Exact copy, no pictures: restate each entry below word for word.

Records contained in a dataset
══════════════════════════════

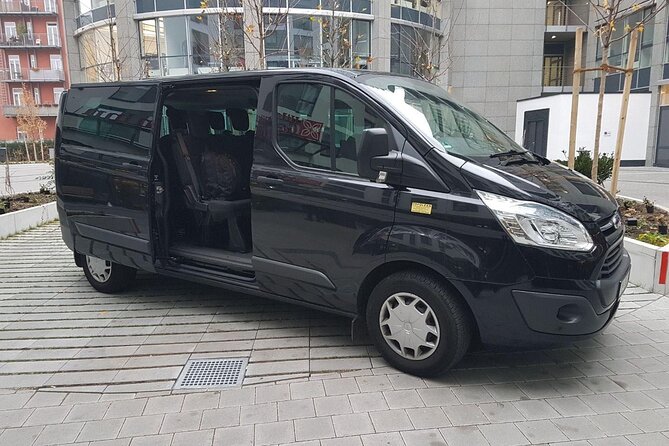 Private Transfer: Alicante Airport (ALC) to Alicante - Cancellation Policy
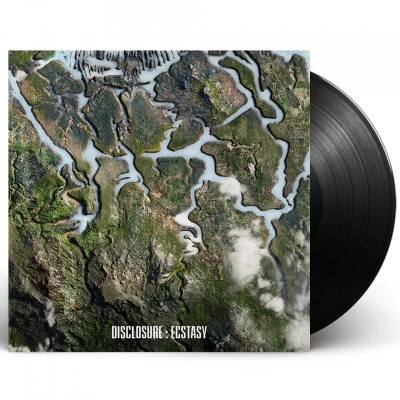 vinil Disclosure - Ecstasy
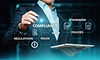 Compliance Rules Law Regulation Policy Business Technology concept..jpg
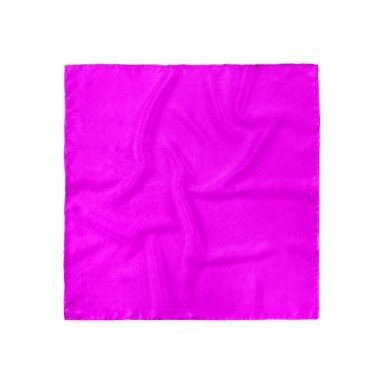 Batistă costum, roz magenta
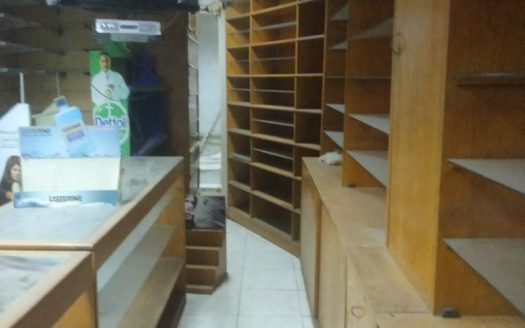 Sarayat Maadi pharmacy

══════════════════════════════

Response
 Private Transfer: Alicante Airport (ALC) to Alicante - Cancellation Policy
 vinil Disclosure - Ecstasy
 Compliance Rules Law Regulation Policy Business Technology concept..jpg
 Batistă costum, roz magenta
 Sarayat Maadi pharmacy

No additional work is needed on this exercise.